> _SUPPLIED DATA_:

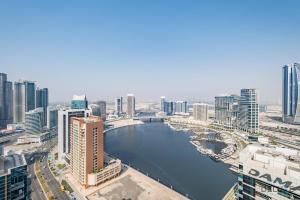 Special Deal 2BR with Canal Views & Relaxing Balcony by Deluxe Holiday Homes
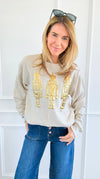 Regal Golden Nutcracker Sweatshirt-Sandstone-110 Long Sleeve Tops-SUGAR STITCH-Coastal Bloom Boutique, find the trendiest versions of the popular styles and looks Located in Indialantic, FL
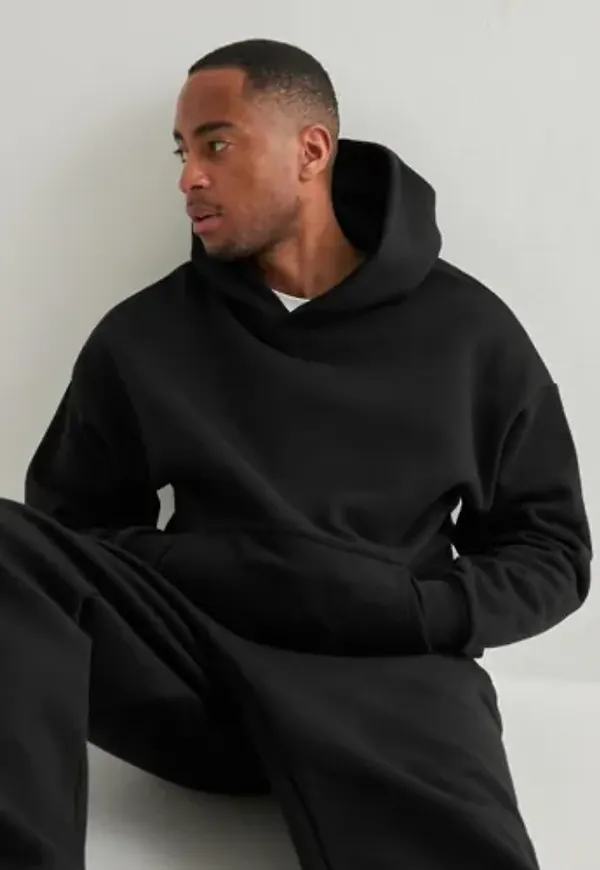 Que Sera Sera Cozy Hoodie Hoodies Svart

> _EXERCISE AIM_: Everything in the listing above must be retyped exactly, except for the pictures.

> _ANSWER FOR THE TASK_:
 Special Deal 2BR with Canal Views & Relaxing Balcony by Deluxe Holiday Homes
 Regal Golden Nutcracker Sweatshirt-Sandstone-110 Long Sleeve Tops-SUGAR STITCH-Coastal Bloom Boutique, find the trendiest versions of the popular styles and looks Located in Indialantic, FL
 Que Sera Sera Cozy Hoodie Hoodies Svart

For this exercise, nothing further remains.